Canadian Internet Registration Authority funding aims to protect Canadians online
On June 15, the Canadian Internet Registration Authority (CIRA) announces $1 million in Community Investment Program funding, which includes projects aimed at digital literacy around privacy and cybersecurity. One of the projects will enhance Canadians' knowledge about the Internet of Things (IoT). CIRA conducted research in March, 2017 which showed that of those Canadians who are aware of IoT, 73 per cent are concerned about the potential security threats, up 66 per cent from last year. Our research also showed that only 39 per cent of Canadians have heard of IoT. Given the vulnerability of some of these devices to cyberattack, this is concerning. Two other projects focus on digital privacy, including how to secure personal data when crossing the U.S. border.

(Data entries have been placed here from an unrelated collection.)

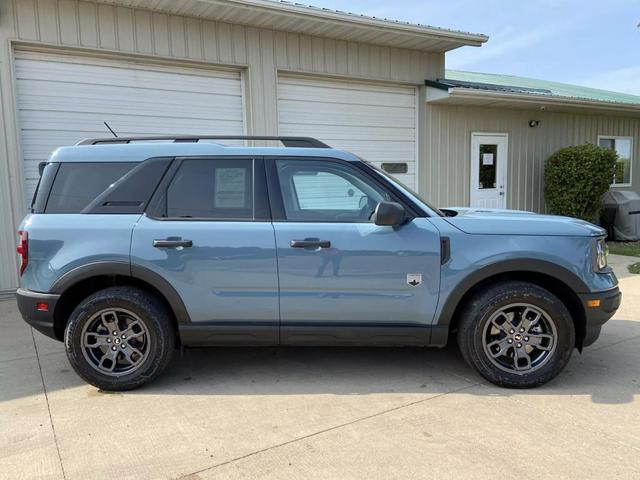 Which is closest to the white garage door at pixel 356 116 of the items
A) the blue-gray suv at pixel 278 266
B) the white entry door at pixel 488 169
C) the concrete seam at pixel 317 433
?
the white entry door at pixel 488 169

CIRA's Community Investment Program funds projects run by Canadian not-for-profits, charities and research institutions that build a stronger, safer and more accessible Internet for all Canadians. Over the last four years CIRA has supported 99 projects with over $4.2 million in contributions.
Funding recipients (three of 21)
• Option Consommateurs - The Internet of Things: What are the issues facing consumers?
Baby monitors, smart TVs, children's toys, physical activity monitors and alarm systems are only a few examples of the types of smart devices that are in widespread use in Canada. Many people are not aware of the personal information that is collected through these devices, or the dangers they pose in terms of cybersecurity. Research will be conducted and a website will be constructed to help the Canadian population gain a better understanding of the privacy and security questions raised by these devices, and learn how to protect themselves. A video clip will be produced to inform consumers about and promote the website.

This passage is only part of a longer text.